Pope Benedict XVI has named Bishop Robert J. Carlson of Saginaw, Michigan, as Archbishop of St. Louis. Archbishop-designate Carlson, 64, succeeds Archbishop Raymond Burke, who was named last June 27, to head the Supreme Court of the Apostolic Signature, the Vatican's highest court.

The same day the pope named 65-year-old Bishop Robert J. Cunningham of Ogdensburg, New York, as Bishop of Syracuse, New York, and accepted the resignation of Bishop James M. Moynihan, 76, from the pastoral governance of Syracuse.

Both appointments and the resignation were announced in Washington, April 21, by Archbishop Pietro Sambi, apostolic nuncio to the United States.

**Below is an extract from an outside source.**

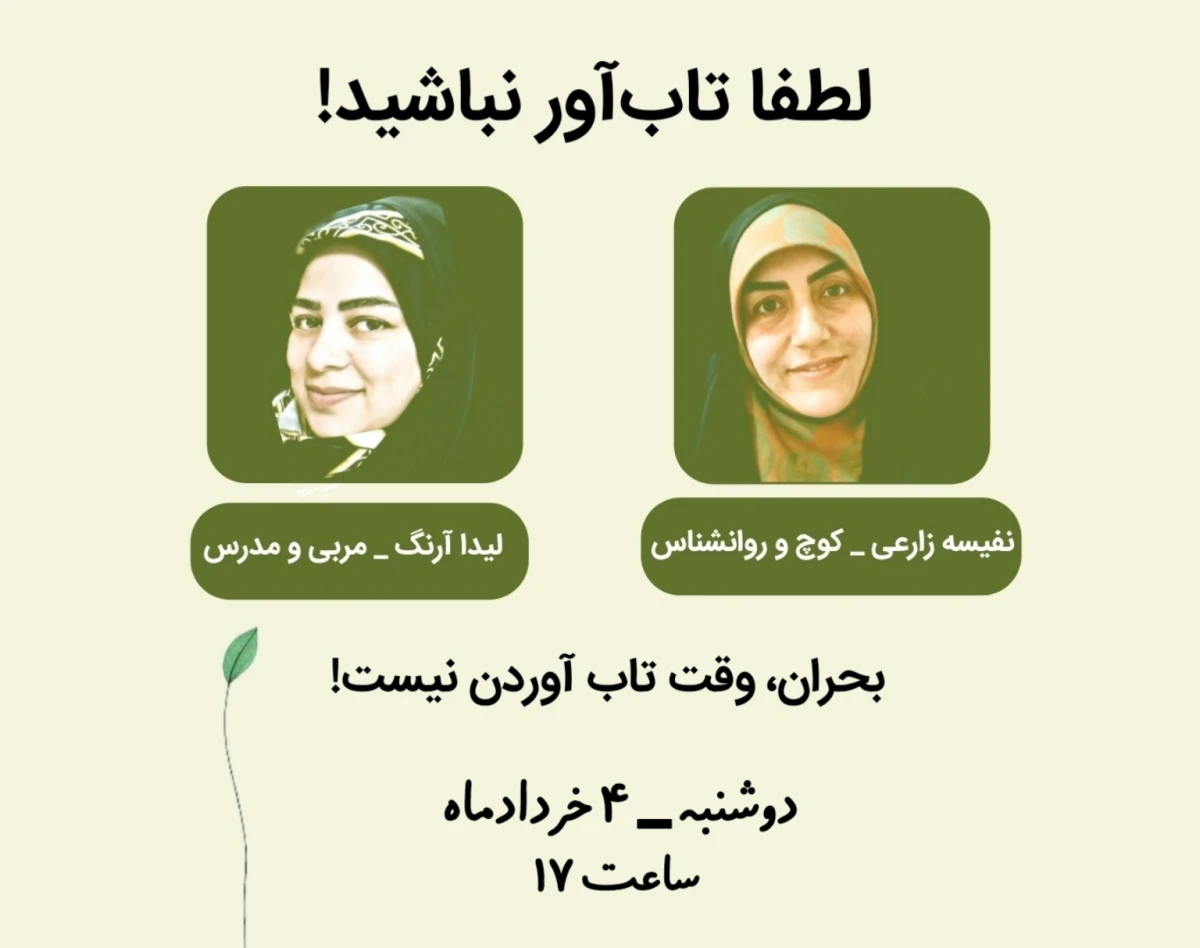 وبینار لطفا تاب آور نباشید!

Robert Carlson was born June 30, 1944, in Minneapolis. He pursued seminary studies at St. Paul Seminary in St. Paul, Minnesota, where he earned a Bachelor of Arts degree in philosophy and a Master of Divinity degree in religious education. He was ordained a priest for the Diocese of St. Paul and Minneapolis in 1970. In 1979, he was awarded a Licentiate in Canon Law from The Catholic University of America.

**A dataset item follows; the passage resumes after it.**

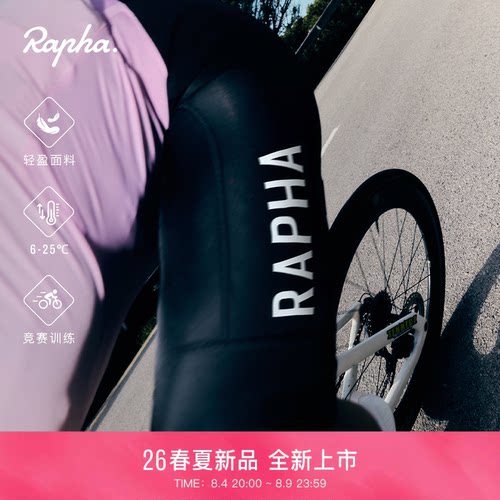 RaphaProTeam男款训练骑行裤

Archbishop-designate Carlson was ordained auxiliary bishop of St. Paul and Minneapolis in 1983. In 1994, he was named Coadjutor Bishop of the Diocese of Sioux Falls, South Dakota, and in 1995, Bishop of Sioux Falls. In 2004 he was named Bishop of Saginaw, Michigan.

He served a chair of the U.S. bishops' Committee on Vocations, 1992-1994, and chair of the Bishops' Subcommittee on Youth, 1993-1996.

The Archdiocese of St. Louis includes 5,968 square miles. It has a population of 2,205,007 people, with 476,477, or 22 per cent, of them Catholic.

Robert Cunningham was born June 18, 1943, in Buffalo. He studied for the priesthood at Buffalo's St. John Vianney Seminary, where he earned a Bachelor of Arts degree in philosophy and a Master of Divinity degree in theology. After ordination he earned a Licentiate in Canon Law from The Catholic University of America.

Bishop Cunningham was ordained a priest for the Buffalo Diocese in 1969. In the diocese he held both pastoral and administrative positions including vice chancellor, chancellor, and vicar general. He was named Bishop of Ogdensburg in 2004. As a member of the USCCB he has been a member of the Administrative Committee, representing the bishops of New York State; the Committee for the Protection of Children and Young People; and the Subcommittee on Native American Catholics.

The Syracuse Diocese has 5,749 square miles. It has a total population of 1,174,887 persons, of which 284,257, or 24 percent, are Catholic.